■ **Collection entries**:
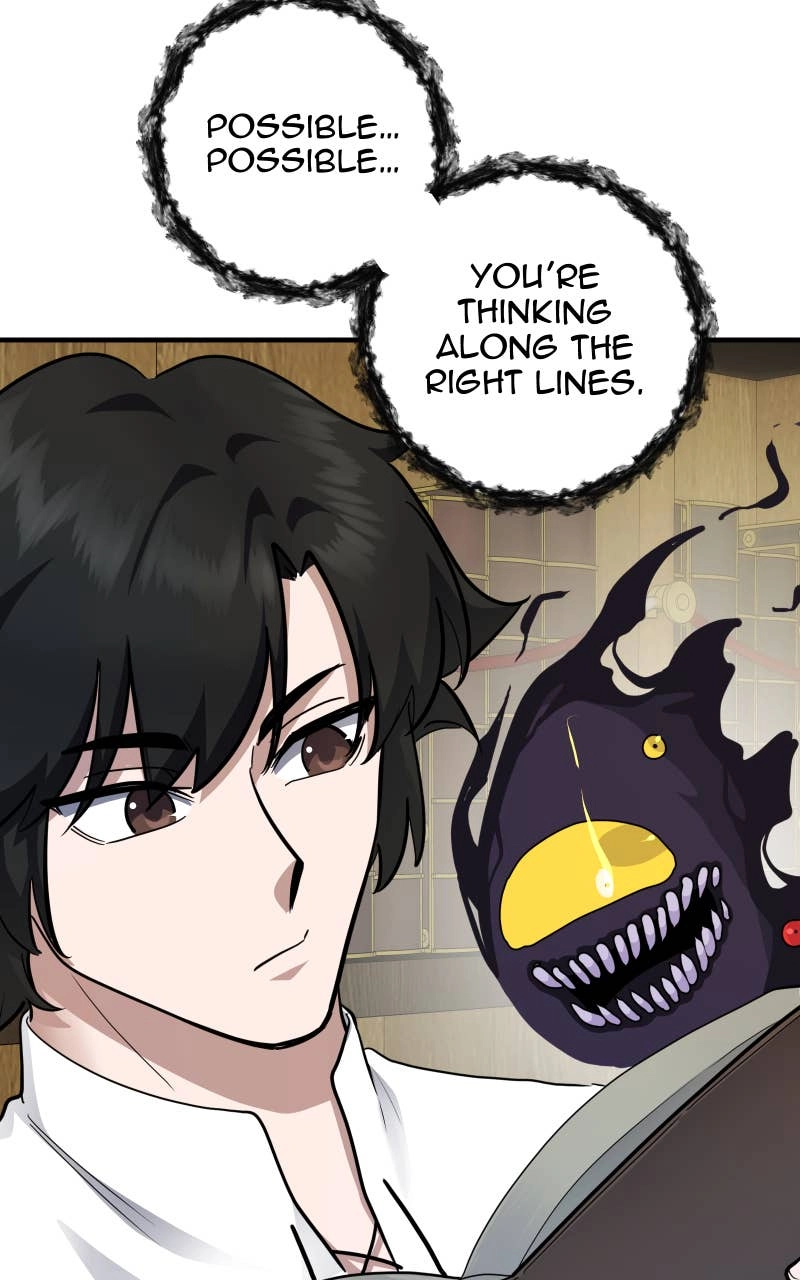 My Best Friend is an Eldritch Horror Chapter 48 Page 62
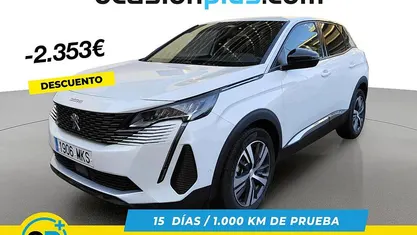 Usado Peugeot 3008 Allure 130 CV (95 kW) 2023 Recogida
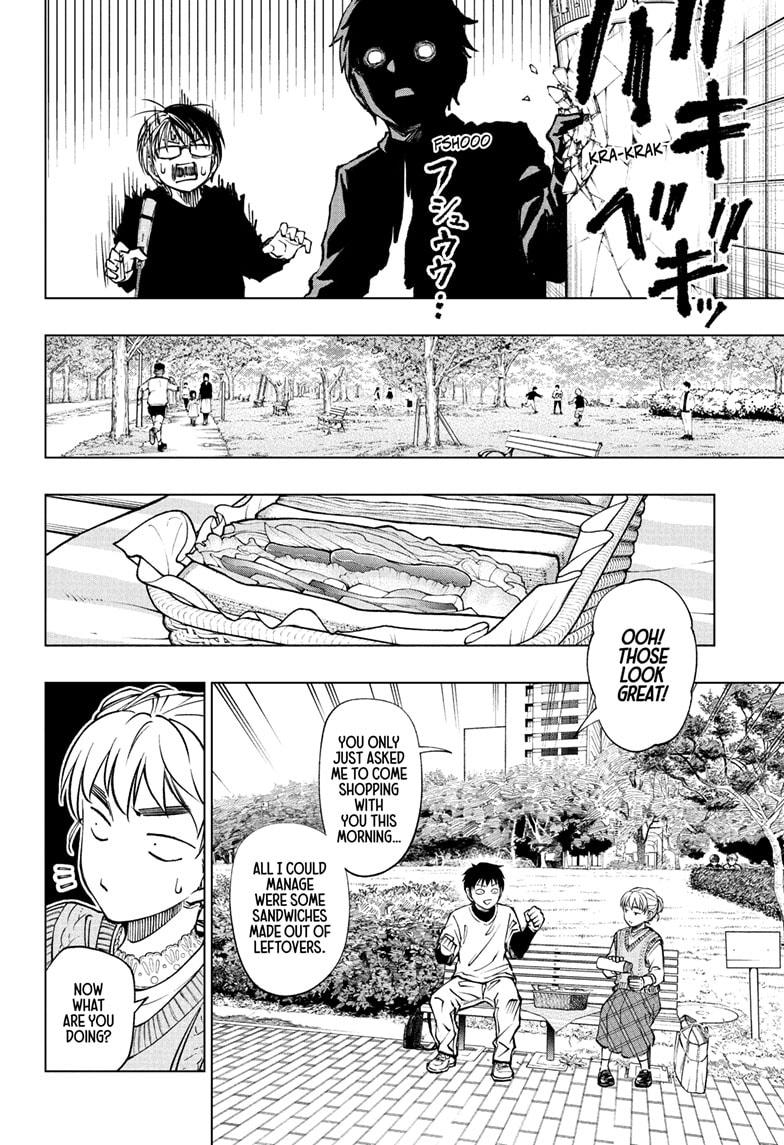 Kill Blue Chap 85 - Next Chap 86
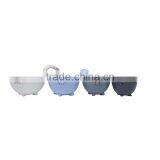 Cute Little Kittens Ceramic Measuring Bowls Set thumbnail-3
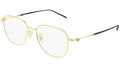 MB0139OK 002 shiny light gold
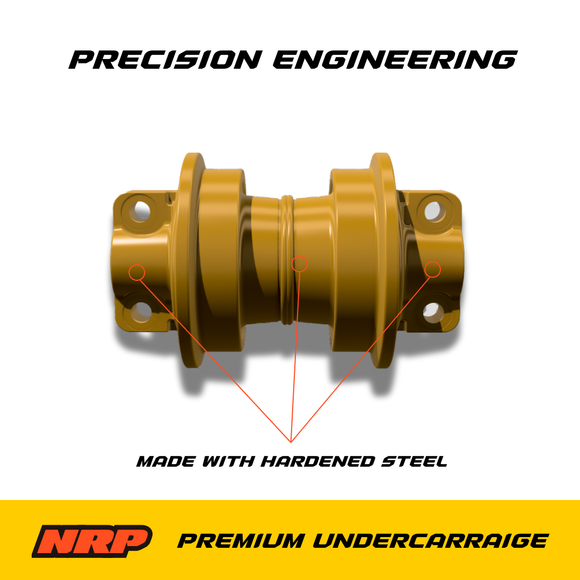 CR5365 Bottom Track Roller for TimberJack 618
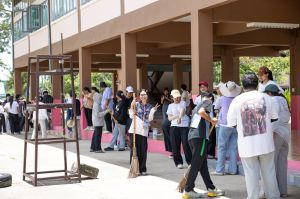 ค่ายอาสา โรงเรียนโป่งกระทิงบน-149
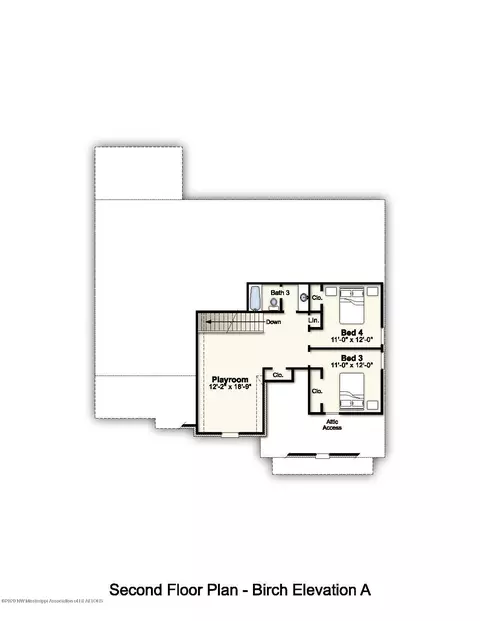 3906 Fieldstream Dr, Olive Branch, MS 38654 photo 4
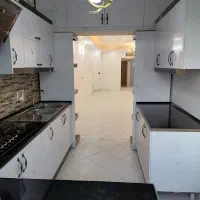 آپارتمان 115متر 2خواب طبقه سوم پارکینگ اختصاصی
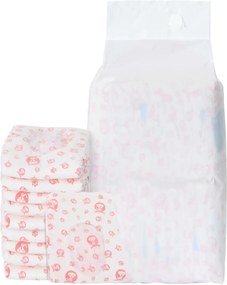 vidaXL Pantaloni absorbanti de unică folosință pentru câini femele 30 pcs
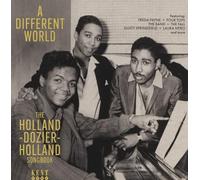 Various Artists - A Different World: The Holland-Dozier-Holland Songbook [CD]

■ **Assignment**:
Leave out all pictures and output each line exactly, from the top of the records through the line that holds "vidaXL Pantaloni absorbanti".

■ **Solution for this problem**:
 My Best Friend is an Eldritch Horror Chapter 48 Page 62
 Usado Peugeot 3008 Allure 130 CV (95 kW) 2023 Recogida
 Kill Blue Chap 85 - Next Chap 86
 Cute Little Kittens Ceramic Measuring Bowls Set thumbnail-3
 MB0139OK 002 shiny light gold
 CR5365 Bottom Track Roller for TimberJack 618
 ค่ายอาสา โรงเรียนโป่งกระทิงบน-149
 3906 Fieldstream Dr, Olive Branch, MS 38654 photo 4
 آپارتمان 115متر 2خواب طبقه سوم پارکینگ اختصاصی
 vidaXL Pantaloni absorbanti de unică folosință pentru câini femele 30 pcs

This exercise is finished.